Demand for the greenback is to settle obligations, analysts at Edelweiss Financial Advisors Ltd., including Mumbai-based Vinay Khattar, wrote in a research report today. Steadying the currency has become the priority for monetary policy and more steps are needed to curb the nation’s current-account deficit, the Reserve Bank of India said in an economic review today.
The rupee declined 0.6 percent to 59.4175 per dollar in Mumbai, after strengthening 0.5 percent last week, prices from local banks compiled by Bloomberg show. The currency has lost 7.5 percent this year, the worst performance in Asia after Japan’s yen, and touched a record low 61.2125 on July 8.
The RBI, which reviews its benchmark repurchase rate tomorrow at a meeting, has raised two interest rates, restricted lenders’ access to funds and curbed trades in currency derivatives to support the currency.
“We expect the RBI to reinforce that recent liquidity tightening was to shore up the rupee, rather than cool the economy,” which is growing at the slowest pace in a decade, said Vishnu Varathan, an economist at Mizuho Bank Ltd. in Singapore.
The RBI will keep its benchmark repurchase rate at 7.25 percent tomorrow, according to 31 of 32 economists surveyed by Bloomberg. One-month implied volatility, a measure of expected moves in the exchange rate used to price options, rose eight basis points, or 0.08 percentage point, to 11.77 percent.

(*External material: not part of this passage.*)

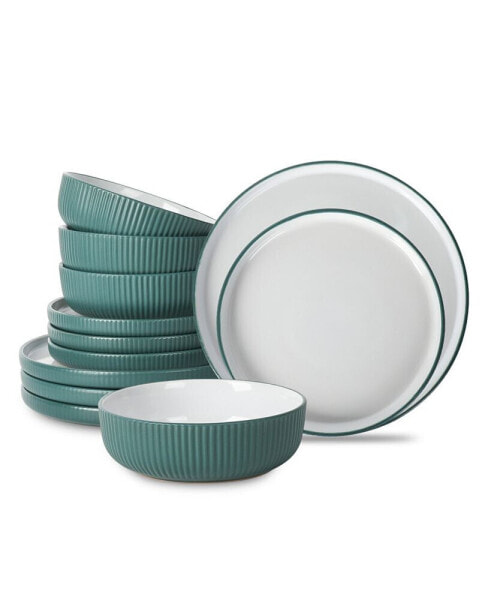 Сервировочный набор посуды Christian Siriano Laro Stoneware Full, комплект из 12 предметов, на 4 персоны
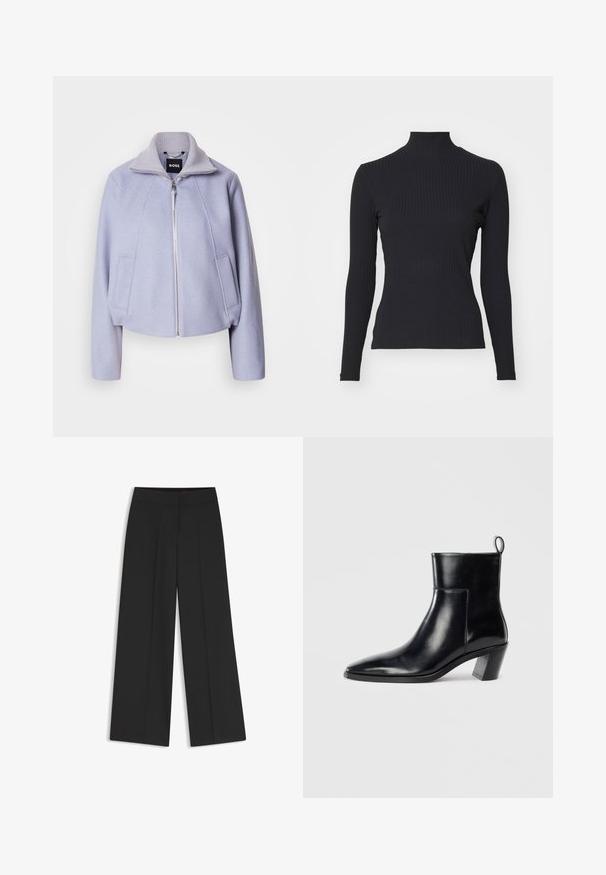 Licht lila cropped jack van zacht materiaal, met een hoge kraag, ritssluiting en twee voorzakken met een strakke uitstraling.; Zwarte geribde coltrui met lange mouwen. Gemaakt van rekbare stof met een getailleerde pasvorm en hoge kraag. Eenvoudig ontwerp zonder versieringen.; Zwarte wijde pantalon met een platte tailleband en een geperste vouw aan de voorkant, afgebeeld tegen een witte achtergrond.; Zwarte leren enkelboot met een spitse neus, een geometrische gestapelde hak en een trekband aan de achterkant. Gladde textuur en slank ontwerp.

India’s current-account gap widened to an unprecedented 4.8 percent of gross domestic product in the year ended March 31, official data show.
The recent “liquidity tightening measures” provide “at best some breathing time,” the RBI said, making it important to push through structural reforms to improve investor confidence.
Global funds have cut holdings of Indian debt by $8.9 billion since May 22, when the Federal Reserve signaled it could curb asset purchases that have boosted demand for emerging-market assets. The Federal Open Market Committee convenes July 30-31.
The International Monetary Fund said last week that exiting from the quantitative easing program could spur excessive interest-rate volatility and have “adverse global implications.” The Fed will start trimming bond purchases in September, according to a Bloomberg survey of economists, while Chairman Ben S. Bernanke has said it’s “way too early to make any judgment” as to whether policy makers will start tapering in September.
Three-month onshore rupee forwards fell 0.6 percent to 60.82 per dollar, data compiled by Bloomberg show. Offshore non-deliverable contracts dropped 0.5 percent to 60.60. Forwards are agreements to buy or sell assets at a set price and date. Non-deliverable contracts are settled in dollars.